Toujours en quête accrue de réalisme, Charlotte Regan prend le parti de raconter cette relation père-fille à travers le regard et les réflexions de Georgie. Comme pour les autres axes de son film, la cinéaste assume pleinement ce choix. Guidé par une sincérité touchante et propre à l’enfance, le scénario s’illustre à l’écran par des couleurs claires et des plans rapprochés sur les gestes simples du quotidien. Les décors, solaires, sont à taille humaine. Cette lumière contraste brillamment avec la sombre tension qui régit la rencontre entre Jason et Georgie. Entre l’approche hésitante et maladroite de l’un et l’aversion mêlée de curiosité de l’autre, l’on assiste à la création d’un lien tout sauf naturel.

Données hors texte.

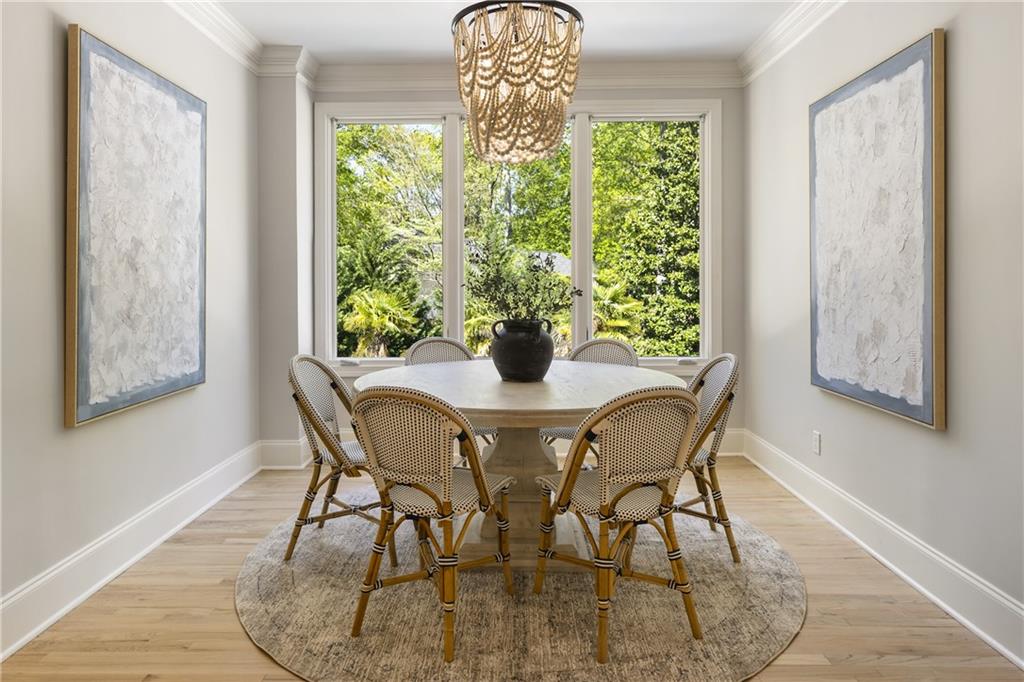 535 Laurel Oaks Lane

Des animations rythmées s’ajoutent au montage, apportant des séquences d’immersion visuelle dans ce qu’une conscience enfantine génère de pragmatisme. Et, justement, de juvénile. Au fil de ses pérégrinations et de sa relation naissante avec un père qu’elle apprend à connaître, Georgie découvre les mécanismes qui peuvent créer les familles a posteriori. Chacune est unique. Leurs membres font des erreurs, mais parfois, s’apprivoisent.

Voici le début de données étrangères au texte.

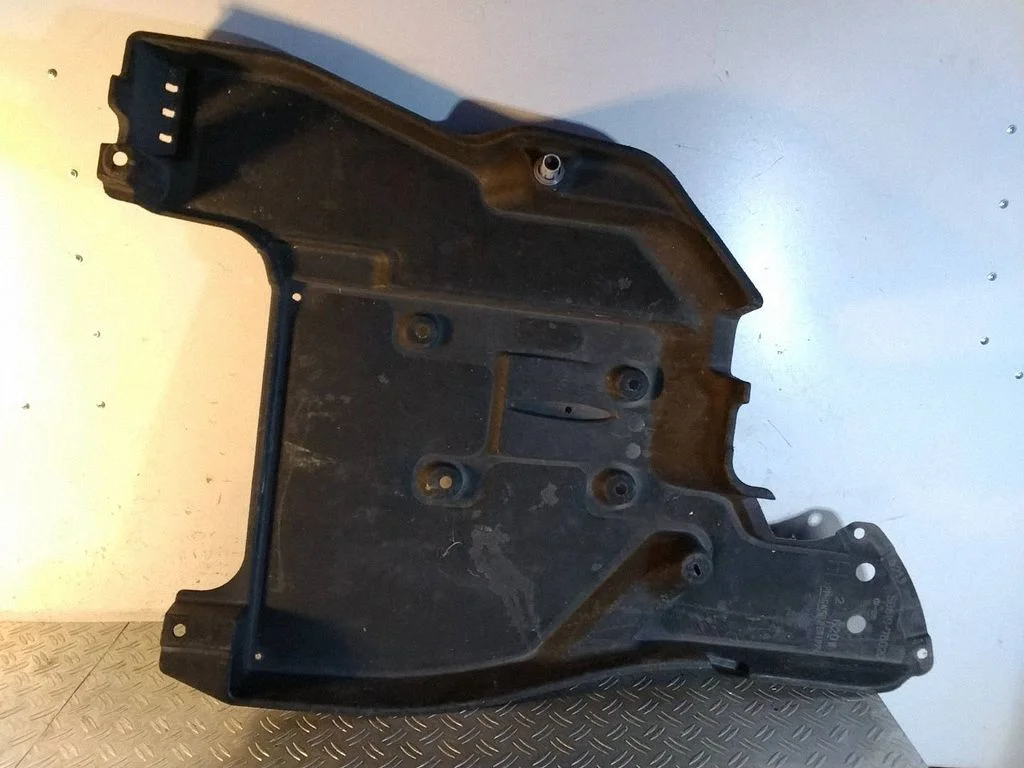 Külgmine põhjakaitse – Lexus NX (2014-2021)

Tantôt en pleine conscience, tantôt malgré elle, elle agit sous son propre prisme. Ici, l’enfance est reine. Pour Georgie, cette tranche de vie n’est pas loin et la préserve encore. Certes, son cas est particulier. Elle est en plein deuil de sa mère. Pourtant, son personnage ne tombe pas dans certains clichés scénaristiques. Dans d’autres films du genre, des contextes comme celui-ci amènent les enfants à ne montrer aucune puérilité, voire à surréagir. La figure de Georgie est aussi ambivalente qu’authentique. Tout en gardant sa singularité, ses modes d’action et de pensée sont cohérents avec son jeune âge. Le regard de la cinéaste est limpide, sagace. À travers son cheminement, Georgie ouvre une fenêtre sur l’universalité de cet état de découverte et d’ouverture au monde.

Harris Dickinson et Lola Campbell
© Star Invest Films France

Avec Scrapper, Charlotte Regan invite à laisser un peu de place à son enfant intérieur et rebat les cartes du schéma familial classique. Son film dégage deux pistes principales développant cette idée couramment répandue, mais parfois légère. L’expression sincère des émotions et la traversée consciente des épreuves quotidiennes. À travers Georgie, c’est l’authenticité d’une enfance décalée, mais pleinement sincère et réaliste que la cinéaste met en avant. Certes, quelques approfondissements n’auraient pas été de trop. Du fait de sa courte durée, le scénario n’embraye pas dans les arcs narratifs qu’il entame — le passé et la trajectoire de Jason, pour n’en citer qu’un. Malgré ce déséquilibre, qui reste minime, Scrapper est un condensé de sentiments et de couleurs. Le tout se mélange sans s’amalgamer. De quoi entamer joyeusement ce début d’année.